Allah’ın peygamberleri, insanlığa hatalarında rehberlik etmek üzere dünyaya gönderilirler. İnsanlara yaşayan gerçek Allah’ı hatırlatırlar ve onları Tevhid yoluna geri getirmeye çalışırlar. Hz. Nuhas‘ın hikayesi insanlık için gerçekten bir hatırlatmadır. Kavmine sıradan gelen bir adamın Allah’ın peygamberi olarak gönderilmesi tüm dünyada hatırlanmaktadır. Hz. Nuh Peygamberas, kendisini reddeden ve kibirlenerek azabı görmek isteyen kavmine gönderilmiştir.

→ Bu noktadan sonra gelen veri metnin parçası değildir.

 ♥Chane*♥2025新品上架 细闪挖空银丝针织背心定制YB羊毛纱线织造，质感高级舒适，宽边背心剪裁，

Kur’an-ı Kerim şöyle buyurur:

Şüphesiz Biz, Nuh’u ve İbrahim’i (de peygamber olarak) gönderdik. İkisinin (de) soylarına peygamberlik ve Kitab’ı ihsan ettik. Sonunda onlardan bazıları doğru yolu buldular, (ancak) çoğu fasık kimselerdi.

(Hadid Suresi, Ayet 27)

Ayet, Hz. Nuhas ve Hz. İbrahimas‘dan özel olarak bahsetmektedir. Hz. Nuhas ve Hz. İbrahimas‘dan sonra, çağlar boyunca insanlığı Tevhid mesajı hakkında yönlendirmek ve hatırlatmak için gelmeye devam eden peygamberleri okuyoruz.

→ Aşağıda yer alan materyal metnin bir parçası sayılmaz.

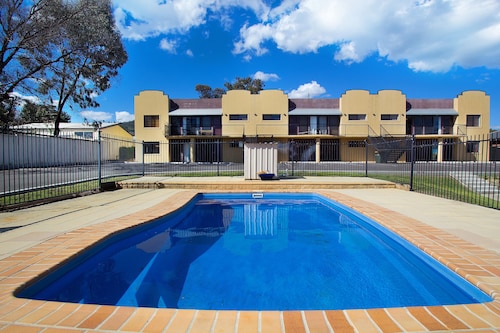 Book Tamworth Vacation Rentals Travelocity Com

Hazreti Musleh-i Maudra, Hz. Nuh’unas zamanından sonrasına atıfta bulunarak şöyle yazmaktadır:

“Nuh’unas zamanından sonra, nüfus farklı ülkelere dağıldı. Nuh’un öğretisinin etkisi azalmaya başladı, çünkü iletişim araçları çok zayıftı. Bir ülkedeki bir öğretmen Mesajını diğer ülkelere iletemezdi. O zaman Tanrı’nın her ülkeye bir Peygamber göndermesi ve böylece hiçbir ülkenin O’nun rehberliğinden yoksun kalmamasını sağlaması yerindeydi. Bu, dinler arasında bölünmeye neden oldu, çünkü insan aklı henüz tam olarak gelişmemişti. İnsan aklı ve anlayışı daha sonra ulaşacağı gelişimden yoksun olduğu için, her ülkeye ulaştığı gelişim düzeyine uygun bir öğreti gönderildi.”

(Kur’an-ı Kerim’in Tefsirine ve Araştırmasına Giriş, s. 11)

Böylece, Kur’an-ı Kerim’in tanıklık ettiği gibi, Hz. Nuh’tanas sonra peygamberler ordusu gelmiştir.